● GOAL OF THE EXERCISE:
Every line from the one containing "Blue 60th Birthday" to the one containing "Kariertes Herz mit" in the records below, both included, must be set down exactly, and no other line.

---------- THE INPUT ----------

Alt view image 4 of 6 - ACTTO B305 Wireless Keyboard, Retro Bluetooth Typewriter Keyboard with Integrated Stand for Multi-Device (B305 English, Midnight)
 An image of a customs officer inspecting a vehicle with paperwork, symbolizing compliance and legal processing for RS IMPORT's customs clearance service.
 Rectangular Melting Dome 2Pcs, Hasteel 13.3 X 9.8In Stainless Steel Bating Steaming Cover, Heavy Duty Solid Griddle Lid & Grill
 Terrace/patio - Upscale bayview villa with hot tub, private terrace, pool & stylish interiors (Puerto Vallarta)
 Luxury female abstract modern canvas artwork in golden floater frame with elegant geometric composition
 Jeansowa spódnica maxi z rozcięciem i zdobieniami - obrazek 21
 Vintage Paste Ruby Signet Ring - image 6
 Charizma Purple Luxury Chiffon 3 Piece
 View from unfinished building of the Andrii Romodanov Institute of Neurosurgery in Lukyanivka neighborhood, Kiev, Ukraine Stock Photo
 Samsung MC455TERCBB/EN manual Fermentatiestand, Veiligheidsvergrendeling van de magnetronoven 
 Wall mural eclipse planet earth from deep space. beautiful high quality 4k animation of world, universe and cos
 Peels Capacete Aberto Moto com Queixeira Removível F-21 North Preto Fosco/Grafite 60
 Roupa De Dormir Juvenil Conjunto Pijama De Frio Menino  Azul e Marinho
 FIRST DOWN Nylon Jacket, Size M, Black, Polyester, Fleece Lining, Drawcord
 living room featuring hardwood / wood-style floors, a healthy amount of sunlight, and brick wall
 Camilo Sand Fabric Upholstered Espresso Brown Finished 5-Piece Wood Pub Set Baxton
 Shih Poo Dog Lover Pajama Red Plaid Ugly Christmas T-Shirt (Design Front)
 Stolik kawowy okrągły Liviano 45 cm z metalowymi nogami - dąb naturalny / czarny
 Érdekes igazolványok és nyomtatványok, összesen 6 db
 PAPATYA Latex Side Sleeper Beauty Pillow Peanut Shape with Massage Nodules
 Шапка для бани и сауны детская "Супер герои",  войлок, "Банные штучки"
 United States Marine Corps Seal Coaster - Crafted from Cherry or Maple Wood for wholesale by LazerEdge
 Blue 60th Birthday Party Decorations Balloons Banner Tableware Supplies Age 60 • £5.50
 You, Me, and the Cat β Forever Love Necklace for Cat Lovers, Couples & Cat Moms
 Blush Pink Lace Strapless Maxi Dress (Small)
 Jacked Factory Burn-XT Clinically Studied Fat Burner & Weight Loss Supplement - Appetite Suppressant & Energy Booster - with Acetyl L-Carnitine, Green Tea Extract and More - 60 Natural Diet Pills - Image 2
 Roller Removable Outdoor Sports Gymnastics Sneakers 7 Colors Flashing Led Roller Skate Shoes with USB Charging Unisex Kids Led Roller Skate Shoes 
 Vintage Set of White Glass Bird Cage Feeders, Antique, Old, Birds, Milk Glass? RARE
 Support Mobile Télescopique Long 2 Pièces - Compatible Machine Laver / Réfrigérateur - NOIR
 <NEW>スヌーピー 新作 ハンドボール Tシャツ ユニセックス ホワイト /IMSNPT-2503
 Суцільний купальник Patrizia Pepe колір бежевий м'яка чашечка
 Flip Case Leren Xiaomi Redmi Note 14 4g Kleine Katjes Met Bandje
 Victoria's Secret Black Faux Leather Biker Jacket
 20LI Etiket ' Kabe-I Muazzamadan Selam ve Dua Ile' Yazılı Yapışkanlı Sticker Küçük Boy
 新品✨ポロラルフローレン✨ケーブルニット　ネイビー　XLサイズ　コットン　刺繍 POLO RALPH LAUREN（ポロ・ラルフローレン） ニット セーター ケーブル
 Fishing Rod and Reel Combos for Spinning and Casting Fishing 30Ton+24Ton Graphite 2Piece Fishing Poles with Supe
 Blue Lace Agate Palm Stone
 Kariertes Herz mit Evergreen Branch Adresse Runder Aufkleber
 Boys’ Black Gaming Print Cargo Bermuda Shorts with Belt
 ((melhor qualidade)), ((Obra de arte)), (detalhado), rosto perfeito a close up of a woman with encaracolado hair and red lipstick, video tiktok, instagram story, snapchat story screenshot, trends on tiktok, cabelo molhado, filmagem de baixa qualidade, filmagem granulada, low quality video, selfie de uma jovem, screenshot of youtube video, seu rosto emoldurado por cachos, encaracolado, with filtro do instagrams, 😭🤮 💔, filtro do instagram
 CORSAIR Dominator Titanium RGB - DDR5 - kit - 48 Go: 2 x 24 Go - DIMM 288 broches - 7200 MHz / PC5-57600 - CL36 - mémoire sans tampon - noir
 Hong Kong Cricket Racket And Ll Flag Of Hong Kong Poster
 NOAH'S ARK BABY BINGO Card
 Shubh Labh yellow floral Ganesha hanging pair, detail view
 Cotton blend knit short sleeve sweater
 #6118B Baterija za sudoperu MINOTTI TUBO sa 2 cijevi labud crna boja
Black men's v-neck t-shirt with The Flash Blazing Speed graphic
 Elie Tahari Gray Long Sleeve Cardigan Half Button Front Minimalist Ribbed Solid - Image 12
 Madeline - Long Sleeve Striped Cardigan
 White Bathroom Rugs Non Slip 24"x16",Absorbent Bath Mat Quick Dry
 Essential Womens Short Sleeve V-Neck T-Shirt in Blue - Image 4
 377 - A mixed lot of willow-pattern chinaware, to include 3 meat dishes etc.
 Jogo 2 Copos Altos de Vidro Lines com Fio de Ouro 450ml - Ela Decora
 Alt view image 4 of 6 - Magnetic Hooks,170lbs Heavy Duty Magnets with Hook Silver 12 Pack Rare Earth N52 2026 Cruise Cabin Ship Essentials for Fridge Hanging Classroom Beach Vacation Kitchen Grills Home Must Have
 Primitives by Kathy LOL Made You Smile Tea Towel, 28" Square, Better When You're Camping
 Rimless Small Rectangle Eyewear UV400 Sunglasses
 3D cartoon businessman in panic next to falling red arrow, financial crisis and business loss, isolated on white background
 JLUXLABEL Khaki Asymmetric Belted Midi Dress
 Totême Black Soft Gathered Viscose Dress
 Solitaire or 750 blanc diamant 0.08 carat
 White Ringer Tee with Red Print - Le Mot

----------

● RESULT:
 Blue 60th Birthday Party Decorations Balloons Banner Tableware Supplies Age 60 • £5.50
 You, Me, and the Cat β Forever Love Necklace for Cat Lovers, Couples & Cat Moms
 Blush Pink Lace Strapless Maxi Dress (Small)
 Jacked Factory Burn-XT Clinically Studied Fat Burner & Weight Loss Supplement - Appetite Suppressant & Energy Booster - with Acetyl L-Carnitine, Green Tea Extract and More - 60 Natural Diet Pills - Image 2
 Roller Removable Outdoor Sports Gymnastics Sneakers 7 Colors Flashing Led Roller Skate Shoes with USB Charging Unisex Kids Led Roller Skate Shoes 
 Vintage Set of White Glass Bird Cage Feeders, Antique, Old, Birds, Milk Glass? RARE
 Support Mobile Télescopique Long 2 Pièces - Compatible Machine Laver / Réfrigérateur - NOIR
 <NEW>スヌーピー 新作 ハンドボール Tシャツ ユニセックス ホワイト /IMSNPT-2503
 Суцільний купальник Patrizia Pepe колір бежевий м'яка чашечка
 Flip Case Leren Xiaomi Redmi Note 14 4g Kleine Katjes Met Bandje
 Victoria's Secret Black Faux Leather Biker Jacket
 20LI Etiket ' Kabe-I Muazzamadan Selam ve Dua Ile' Yazılı Yapışkanlı Sticker Küçük Boy
 新品✨ポロラルフローレン✨ケーブルニット　ネイビー　XLサイズ　コットン　刺繍 POLO RALPH LAUREN（ポロ・ラルフローレン） ニット セーター ケーブル
 Fishing Rod and Reel Combos for Spinning and Casting Fishing 30Ton+24Ton Graphite 2Piece Fishing Poles with Supe
 Blue Lace Agate Palm Stone
 Kariertes Herz mit Evergreen Branch Adresse Runder Aufkleber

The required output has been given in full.